Elements, Chakras, Energies and the Senses
According to Yoga and Ayurveda, the main chakras are often represented as either spinning wheels or lotuses with a very specific number of petals. Still, the petals alluded to are never literal but metaphoric: a way to symbolically represent how each of these chakras corresponds to a certain natural element, a certain physical sense, a certain color, sound, psychological trait, tendencies, as well as a certain frequency or rate of vibration. The higher the number of petals in a chakra the higher its rate of vibration and, as a consequence of this, the subtler and more spiritual the plane of existence it represents. This means that, though we cannot choose which energies (or chakras) are more naturally predominant in our lives, we can choose which energies and attitudes we want to enhance and which we want to let go off so that we may 'climb up' the ladder of spiritual self-actualisation that the chakra system outlines.
And so, when we hear speak of chakras as lotuses or flowers, we are essentially speaking of how they function as centres of creativity and energy. Because, if we want certain energies to flourish, our lives and our hearts must do so too.
The progression of energies and petals goes from the lowest human level of Muladhara chakra (where the earth element dominates, Lam bija mantra is the master sound, where Apana Vayu reigns, a chakra connected to the nose and anus and to the sense of smell, with only four petals); to Swadhisthana chakra (where water element rules, Vam mantra is sound, Apana Vayu reigns, connected to our tongue and genitals and our sense of taste, with six petals); to Manipura chakra (the house of the fire element, Ram mantra, ruled by Samana Vayu, and centred around the navel, with ten petals); to Anahata chakra (the house of the Air element, Yam bija mantra, ruled by Vyana Vayu, connected to our heart, hands and skin and to the sense of touch with twelve petals); to Vishuddhi Chakra (the realm of ether, Ham mantra, Udana vayu, connected to our throat, vocal chords and ears, with sixteen petals); to Ajna Chakra (the realm of the mind where all elements and sense modalities merge, ruled by the sound of Ksham and Prana Vayu and connected to our third eye, with two petals meant to simplify a vibratory frequency of more than a hundred petals); ending in Sahasrara Chakra (the centre of pure consciousness, house of the mantra Om, where all the energies and Vayus merge and emanate from, corresponding to the crown of the head and the space above, with more than one thousand petals).

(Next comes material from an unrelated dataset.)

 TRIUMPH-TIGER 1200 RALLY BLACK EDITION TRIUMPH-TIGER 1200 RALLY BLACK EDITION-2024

What the chakras represent is a roadmap for the evolution of human consciousness where each consecutive level grants us the opportunity to sublimate the negative tendencies inherent in doing life from each specific level of awareness or chakra, into their spiritual counterparts. The goal is for us to progressively purify body, mind, and spirit throughout however many lives the process will require, so our atman or soul may finally be able rejoice in universal oneness and, bit by bit, grow out off the vicious cycle of human reincarnation and suffering.